* Source data
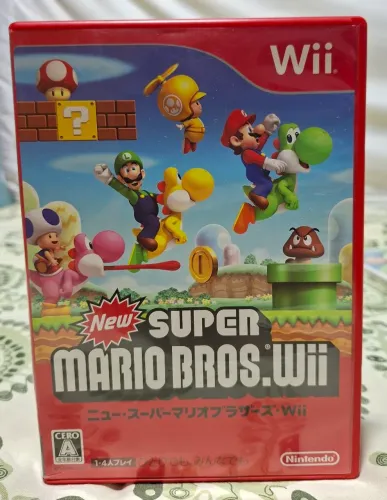 New Super Mario Bros. Wii - Nintendo Wii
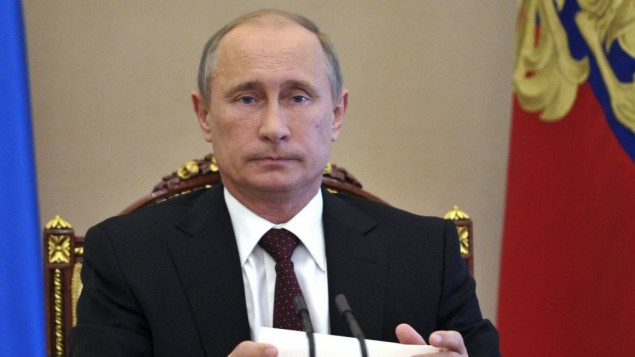 Tổng thống Nga Vladimir Putin. Tổng thống Nga Vladimir Putin.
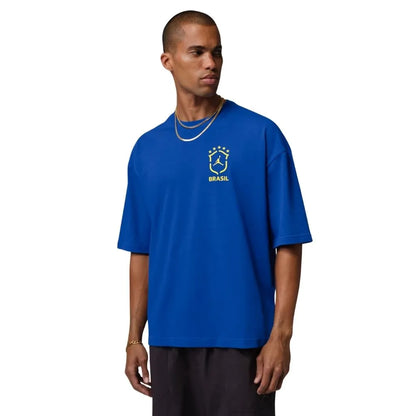 Camisa Masculina Brasil Lifestyler 26 Azul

* Directions for this task
With the pictures excluded, restate the material exactly as it stands.

* Final answer
 New Super Mario Bros. Wii - Nintendo Wii
 Tổng thống Nga Vladimir Putin. Tổng thống Nga Vladimir Putin.
 Camisa Masculina Brasil Lifestyler 26 Azul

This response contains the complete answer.